In sostanza è da concludere, per dirlo ancora con il D’Amico, che, tanto più oggi, «la vista ha acquistato la sua parte, e non piccola, nella percezione della poesia». Non dando valore (se non negativo) al dicitore di versi, come risolvere il problema nel caso dei non vedenti? Naturalmente affidando il testo stesso al sistema di lettura personale che è proprio del soggetto in causa, ma questa ci sembra una soluzione da limitare al non dotato di vista per nascita e nel qual caso è chiaro che la scelta sarà orientata verso testi poetici che per la loro comprensione non rimandano a una esperienza visiva, e quindi letteratura poetica ricalcata su motivi di vita ridati in arte per concetti puri. Certo però che testi di questa natura non sarà facile scoprirli e tanto più è vero con la nostra poesia moderna e contemporanea soprattutto, così legata nel gioco delle allusioni analogiche e delle allegorie a immagini del mondo fisico, animale e naturale, e basti pensare, per averne subito un’idea, al Pascoli soprattutto di Myricae. È allora opportuno giungere a brevi scelte, a frammenti capaci tuttavia di compiuto senso poetico.
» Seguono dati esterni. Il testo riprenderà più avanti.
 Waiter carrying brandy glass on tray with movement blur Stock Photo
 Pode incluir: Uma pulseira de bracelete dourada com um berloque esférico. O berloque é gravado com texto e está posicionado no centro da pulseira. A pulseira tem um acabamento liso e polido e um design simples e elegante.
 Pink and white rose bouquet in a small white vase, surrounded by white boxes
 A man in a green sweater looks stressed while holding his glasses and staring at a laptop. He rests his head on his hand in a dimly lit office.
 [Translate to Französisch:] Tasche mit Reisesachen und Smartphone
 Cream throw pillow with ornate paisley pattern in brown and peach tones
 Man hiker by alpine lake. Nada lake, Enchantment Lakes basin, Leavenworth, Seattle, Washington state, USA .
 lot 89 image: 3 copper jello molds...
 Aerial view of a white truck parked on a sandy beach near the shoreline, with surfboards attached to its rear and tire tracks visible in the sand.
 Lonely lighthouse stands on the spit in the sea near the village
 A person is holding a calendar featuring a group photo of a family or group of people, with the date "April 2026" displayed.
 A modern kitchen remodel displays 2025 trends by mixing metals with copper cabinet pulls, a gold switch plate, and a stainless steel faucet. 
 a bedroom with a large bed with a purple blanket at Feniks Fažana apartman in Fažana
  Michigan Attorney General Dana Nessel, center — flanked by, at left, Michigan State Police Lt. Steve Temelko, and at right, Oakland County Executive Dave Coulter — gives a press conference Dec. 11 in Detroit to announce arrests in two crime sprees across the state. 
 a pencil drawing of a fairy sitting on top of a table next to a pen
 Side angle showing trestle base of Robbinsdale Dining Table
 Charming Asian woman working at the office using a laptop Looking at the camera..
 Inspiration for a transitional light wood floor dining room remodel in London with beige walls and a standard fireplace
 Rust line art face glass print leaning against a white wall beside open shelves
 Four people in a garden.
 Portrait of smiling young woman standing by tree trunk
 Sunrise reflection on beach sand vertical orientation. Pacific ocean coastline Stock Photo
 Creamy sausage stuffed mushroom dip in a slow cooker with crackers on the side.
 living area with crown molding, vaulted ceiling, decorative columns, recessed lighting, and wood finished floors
Nel caso invece del non vedente per cecità acquisita dopo l’esperienza della lettura visiva ci sembra opportuno questo suggerimento: educare il soggetto a disegnare mentalmente in un bianco foglio ideale i versi nella loro naturale composizione e che va dalla parola alla punteggiatura e allo spazio che isola ciascun verso, e sì ancora che il non vedente possa seguire e vedere i versi in tutte le loro eventuali e artisticamente responsabili intuizioni grafiche. Si tratta quindi non tanto di fare imparare a memoria una poesia, quanto di fare in modo che il non vedente possa leggerla. Avremo così rispettato non tanto la tesi che nega l’intervento del dicitore di versi, quanto rispettato la stessa poesia. Ma ciò che più importa è che così avremo risolto il problema di dare anche ai non vedenti la possibilità di quell’altissimo

ed impareggiabile senso di vita che è in noi quando in noi scende la musicalità silenziosa e misteriosa di un verso che è parola di poeta: musica che le orecchie umane non percepiscono ma s’ode per echi lunghi nell’anima.Luigi Grossi

Nota della Redazione [della rivista Luce con luce]. - Le opinioni del nostro collaboratore Luigi Grossi circa le categorie di letteratura infantile non ci trovano del

tutto consenzienti, anche se espresse con vivacità di motivi. L’esperienza della sensibilità dei bambini ciechi e la conoscenza dei loro bisogni culturali ci confermano che, lungi dal limitare la scelta delle letture a quei testi che non presentino esperienze visive, dobbiamo affidare i maggiori elementi al potere ricettivo dei sensi dei non vedenti: perché, mediante l’interiorizzarsi delle sensazioni, essi riescano a mettersi in sintonia coi vedenti. Comunque, torneremo più diffusamente su questo fondamentale argomento in uno dei prossimi fascicoli.